The Twins would take Game 6 and force a 7th and deciding game. Dodgers manager, Walter Alston, choose to start Koufax on only two days rest. All Koufax did was go out and pitch another complete game shutout, giving the Dodgers their 4th championship. Koufax would win his 2nd World Series MVP.
#7. Sandy Koufax throws a perfect game
At Dodgers Stadium, on September 9th 1965, Koufax would pitch a historic perfect game against the Chicago Cubs. It was his 4th no-hitter of his career, a record at the time, and he struck out 14 batters, still a record for most in a perfect game performance. Koufax would strike out at least one batter in each inning, including all three he faced in the 9th. In 1995, the Society for American Baseball Research, voted it as the greatest game ever pitched.
The game itself goes down as one of the best pitched by two different pitchers. Opposing starter, Bob Hendley, also had a no-hitter going into the 7th inning. He would surrender only one hit, and the sole Dodgers run of the day would be unearned. The entire game had a total of two base runners.
Koufax’s greatness was becoming routine by 1965. His performance on this night though, will always be remembered as probably his greatest.
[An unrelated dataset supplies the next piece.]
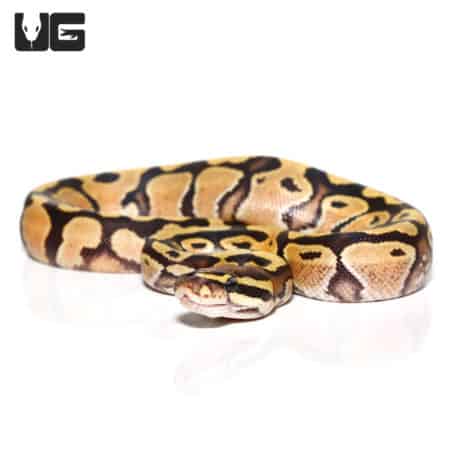 Baby Vanilla Enchi Ball Python (Python regius) For Sale - Underground Reptiles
#6. Dodgers win 1981 World Series
After losing to the Yankees in the 77’ & 78’ World Series, the championship in 1981 had the feel of the Dodgers first title, when they would finally get past their rivals. In every game they won in the series, the Dodgers would have to come from behind for the victory.
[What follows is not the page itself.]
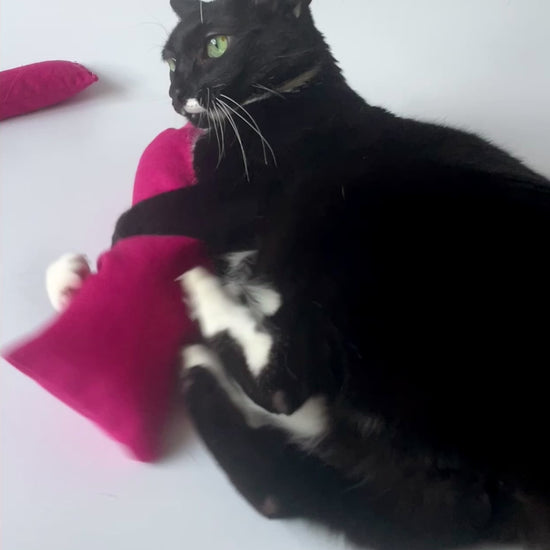 Kicker Cat Toy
The Dodgers would lose the first two games in New York, but then rebounded in Game 3 behind Fernando Valenzuela. In Game 4, the Yankees took a 4-0 lead, and led 6-3 going into the bottom of the 6th before the Dodgers would score 5 runs in the next two innings to get the victory. Pedro Guerrero and Steve Yeager hit back-to-back home runs in Game 5, and Jerry Reuss won a tight pitching duel to put the Dodgers one win away. In Game 6, the Yankees took an early 1-0 lead, but the Dodgers offence would blow up, scoring the next 8 runs. They would win the game 9-2, finally beating their rival, and giving that famous Dodgers infield a championship together.